Field Extensions and Algebraic Elements

Field extensions form the backbone of modern algebra, allowing mathematicians to systematically enlarge number systems by adjoining new elements. This process is essential for solving polynomial equations, understanding algebraic numbers, and applications in coding theory and cryptography. By distinguishing between algebraic and transcendental elements, we gain insight into the structure and limitations of field extensions.

Field Extensions and Algebraic Versus Transcendental Elements

A field extension is a pair of fields $K$ and $F$ such that $F$ is a subfield of $K$, denoted $K/F$. This means every element of $F$ is also in $K$, and the operations of addition and multiplication in $K$ restrict to those in $F$. For example, the complex numbers $\mathbb{C}$ form an extension of the real numbers $\mathbb{R}$, which in turn extend the rational numbers $\mathbb{Q}$. Extensions are often constructed by adjoining an element $\alpha$ to a base field $F$, written $F(\alpha )$, which is the smallest field containing both $F$ and $\alpha$.

An element $\alpha \in K$ is algebraic over $F$ if there exists a nonzero polynomial $f(x)\in F[x]$ such that $f(\alpha )=0$. If no such polynomial exists, $\alpha$ is transcendental over $F$. For instance, $\sqrt{2}$ is algebraic over $\mathbb{Q}$ because it satisfies $x^2-2=0$, while $\pi$ is transcendental over $\mathbb{Q}$, a classic result from number theory.
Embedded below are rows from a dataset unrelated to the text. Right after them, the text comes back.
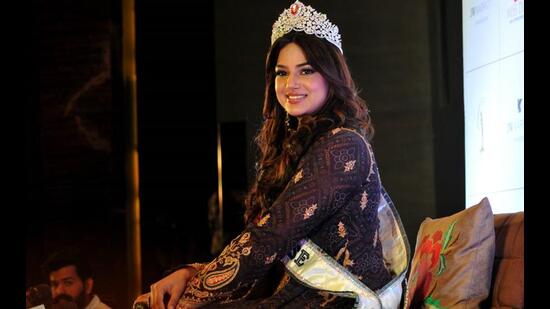 Miss Universe Harnaaz Kaur Sandhu interacting with the media in Chandigarh on Wednesday. (Ravi Kumar/HT)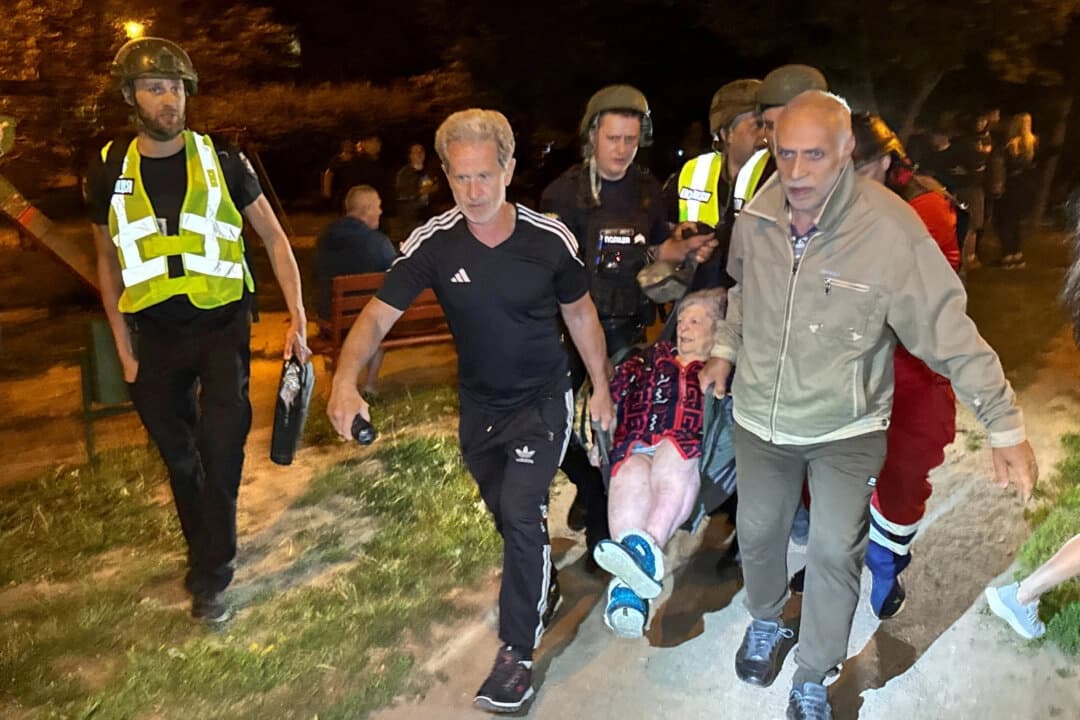 Policías y voluntarios evacúan a una persona de un edificio dañado por un ataque con drones rusos en Járkov, Ucrania, el 11 de junio de 2025. (Vitalii Hnidyi/Reuters)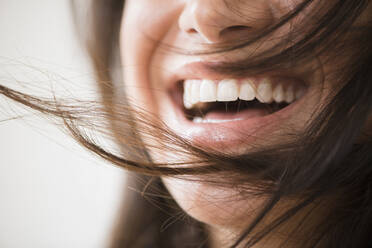 Nahaufnahme einer lachenden Frau mit unordentlichem Haar - BLEF10041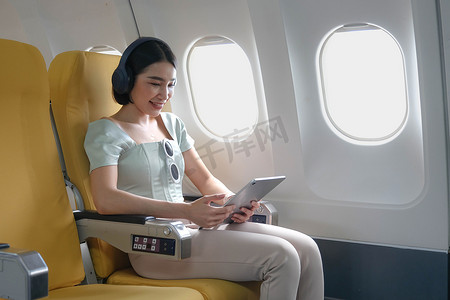 年轻女性在头等舱飞行期间使用移动播放列表和配件收听最喜欢的歌曲，女性在飞机板上娱乐时通过智能手机享受耳机中的音乐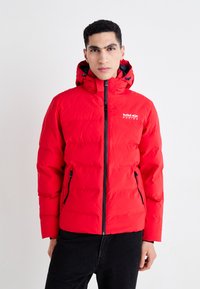Crvena puffer jakna s kapuljačom, sa prednjim zatvaračem, dva bočna džepa i logotipom. Glatka tekstura s kvadratnim uzorkom.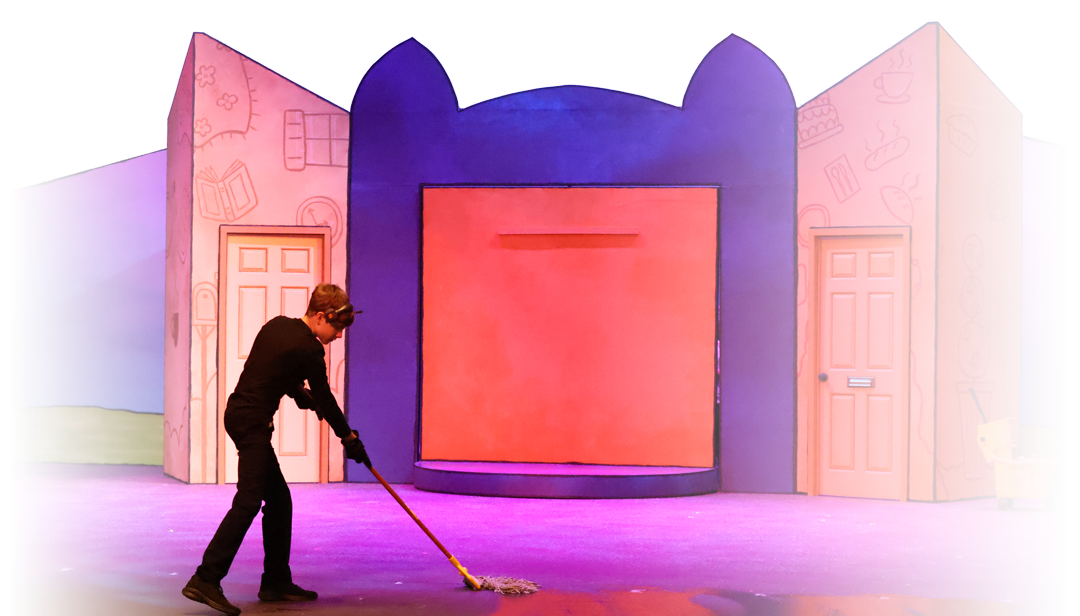 Person mopping stage with colorful cartoon-style background set featuring doors, drawings of household items, and a small shopping cart.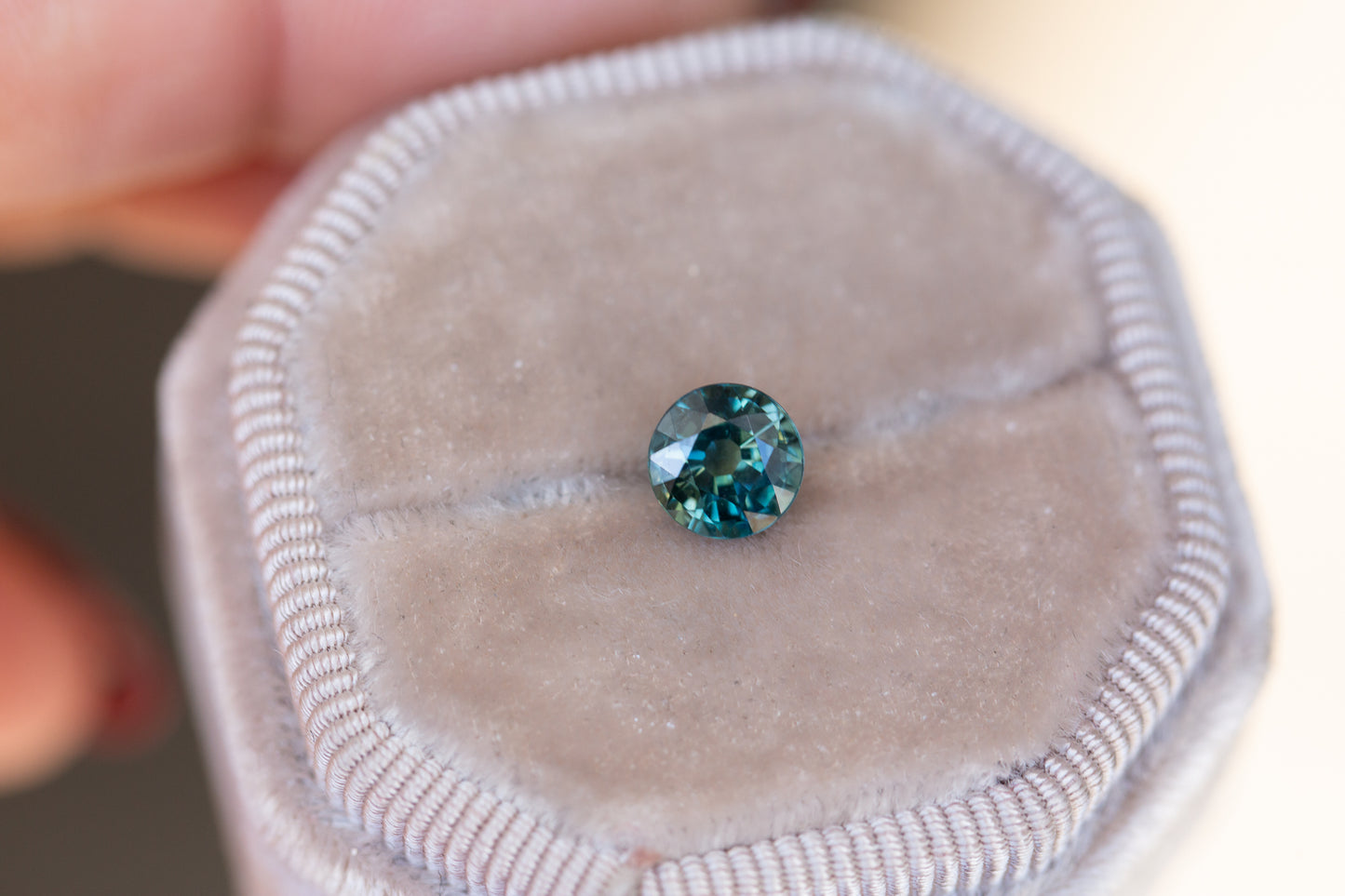 1.5ct round blue green sapphire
The set of all algebraic elements over $F$ in $K$ forms a subfield, highlighting how algebraic structure propagates through extensions.
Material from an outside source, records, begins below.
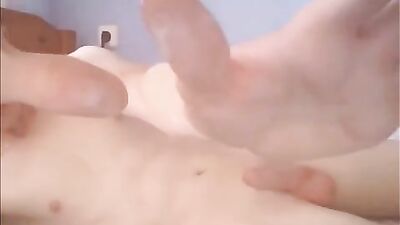 A beautiful blonde naked on her bed masturbating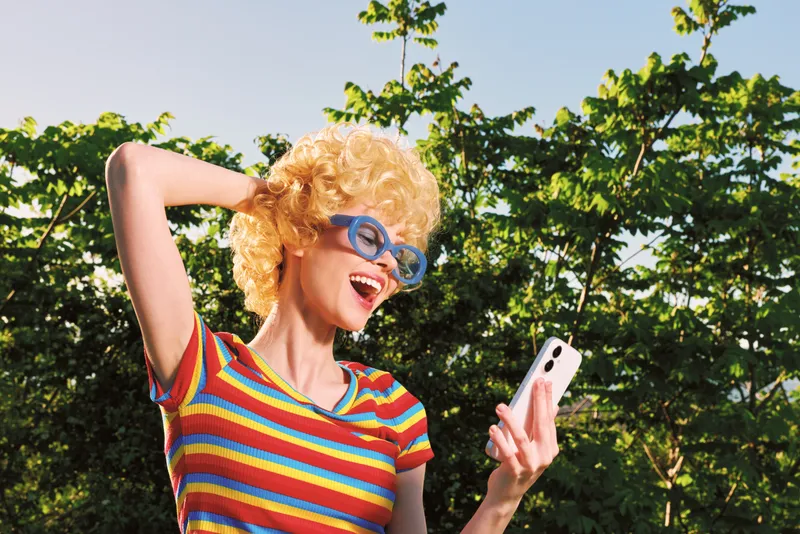 Cheerful woman outdoors in a striped shirt, laughing with sunglasses, capturing a sunny moment, relaxed pose, retro film color palette, lush greens in the background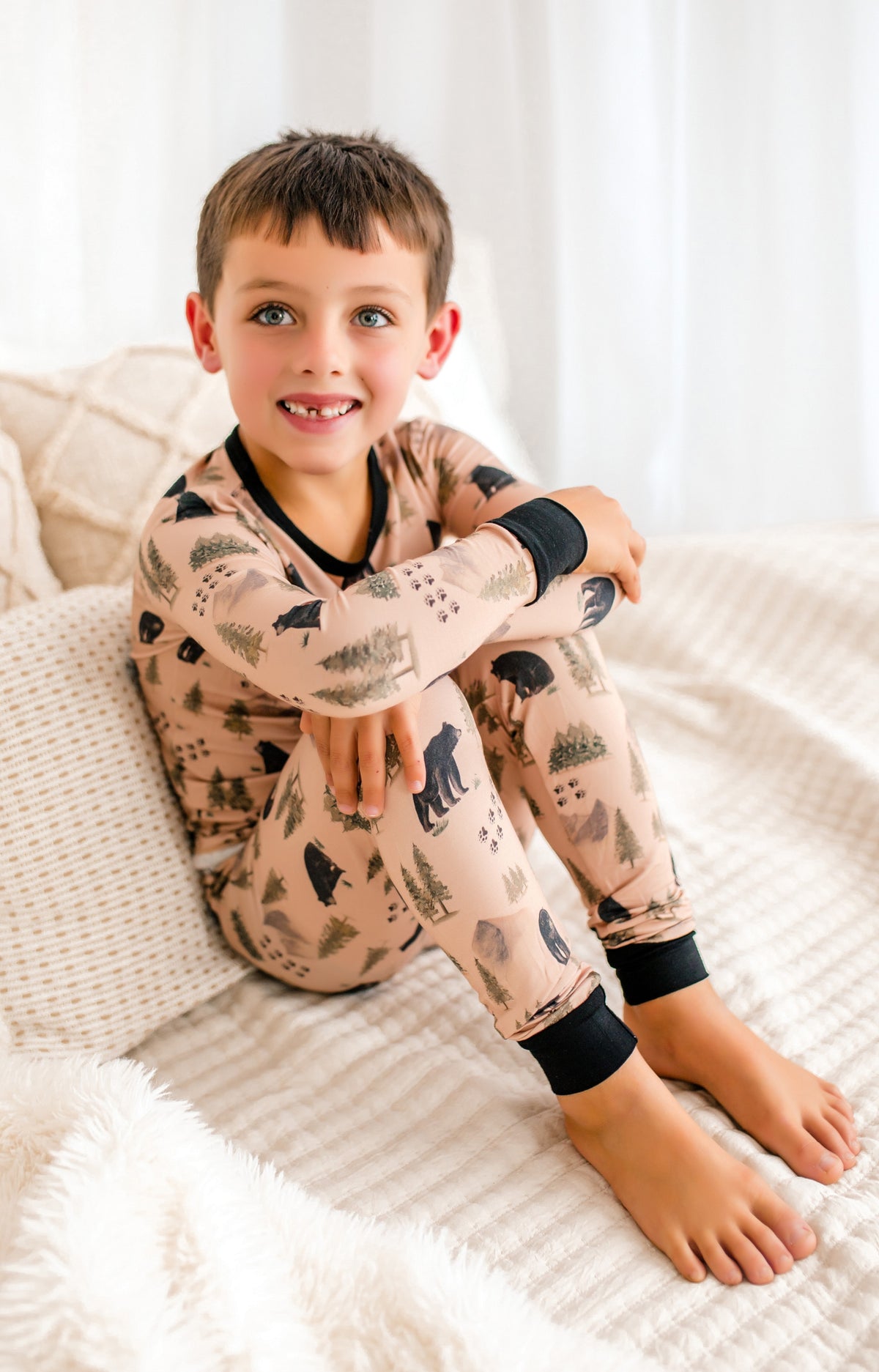 Child wearing pajamas with bear pattern, different trees of dark and light green with mountains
Minimal Polynomials and Their Properties

For an algebraic element $\alpha$ over $F$, the minimal polynomial is the monic polynomial of least degree in $F[x]$ that has $\alpha$ as a root. This polynomial is irreducible over $F$ and uniquely determines the algebraic properties of $\alpha$. If $f(x)$ is the minimal polynomial, then $F(\alpha )\cong F[x]/(f(x))$, where $(f(x))$ denotes the ideal generated by $f(x)$. This isomorphism provides a concrete way to work with extension fields.

Consider $\alpha =\sqrt[3]{2}$ over $\mathbb{Q}$. Its minimal polynomial is $x^3-2$, which is irreducible by Eisenstein's criterion. Thus, $\mathbb{Q}(\sqrt[3]{2})$ consists of all expressions $a+b\sqrt[3]{2}+c\sqrt[3]{4}$ for $a,b,c\in \mathbb{Q}$, with arithmetic defined modulo $x^3-2$. Minimal polynomials also encode field-theoretic invariants: the degree of the minimal polynomial equals the degree of the extension $[F(\alpha ):F]$, which we explore next.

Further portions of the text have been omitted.